Porque el público, más gregario que asambleario, está a merced de la auctoritas moral del actor, que puede integrarlo en su espectáculo, ponerlo en evidencia o ridiculizarlo a su antojo haciendo la función a su costa, pero su hora y media de trabajo en escena —poco habrá podido ensayar él en un piquete, en el calabozo o declarando ante la ley — es sagrada, se paga de antemano y no de forma voluntaria según el mérito subjetivo reconocido a la función o el poder adquisitivo del espectador, y siempre se le aplaude.

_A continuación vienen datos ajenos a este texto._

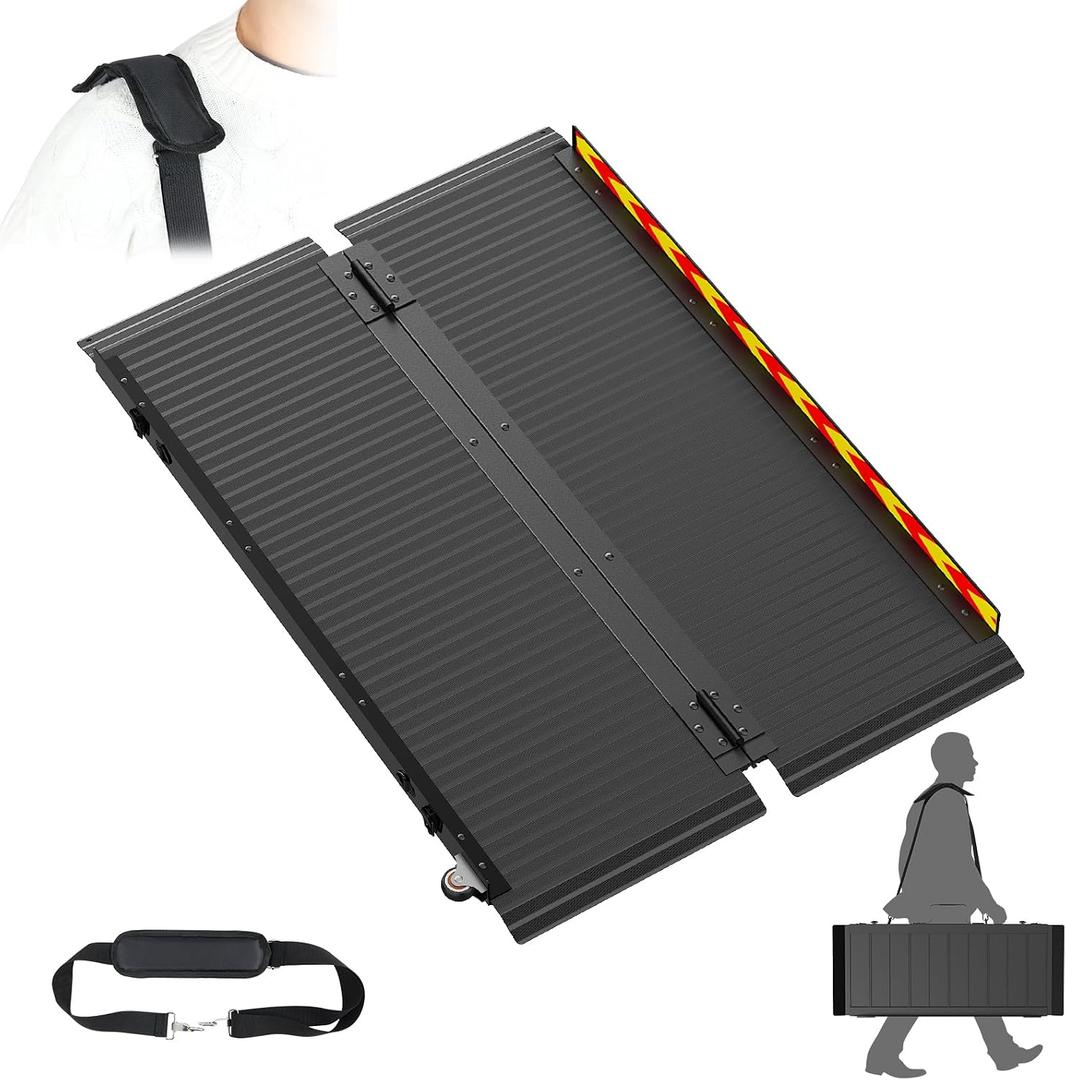 Portable Wheelchair Ramp, Non-Slip Metal Access Ramp,for Home Steps,staircases,Thresholds,Doorways,Scooter, 800LBS Capacity (4FT(Using Height 4-12''))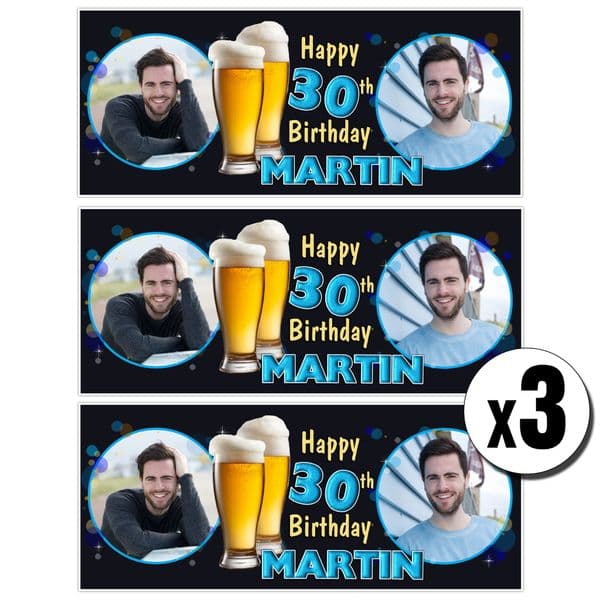 3 x Personalised Mens Lager Beer Birthday Photo Party Poster Banners ~ N35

Un espectactor que diera la réplica ad hominem — ad homunculum, en este caso—, como don Quijote desbaratándole el retablo de la vieja farsa a maese Pedro, al actor que manda parar —como director de una intervención de agit-pop o guerrilla urbana —, a hostias, el montaplatos de un local de hostelería rehabilitado por un inmigrante —cagüen SOS(Racismo)—, perejil de todas las salsas picantes —y repiqueteantes— y que se sube, después, al escenario de esta ciudad con cara de no haber roto un plato, debiera haberle puesto una gotita de silicona verbal —no importa que haya pasado la Huelga General: la lucha continúa— a El montaplatos —en cuyo sótano va recibiendo su personaje las comandas del antiguo restaurante— para hacerle ver —performance o un match de improvisación—, acto de justicia poética, en su propio terrario, el terror del mobbing —y más por parte del niño mimado de la extrema izquierda totalitaria—.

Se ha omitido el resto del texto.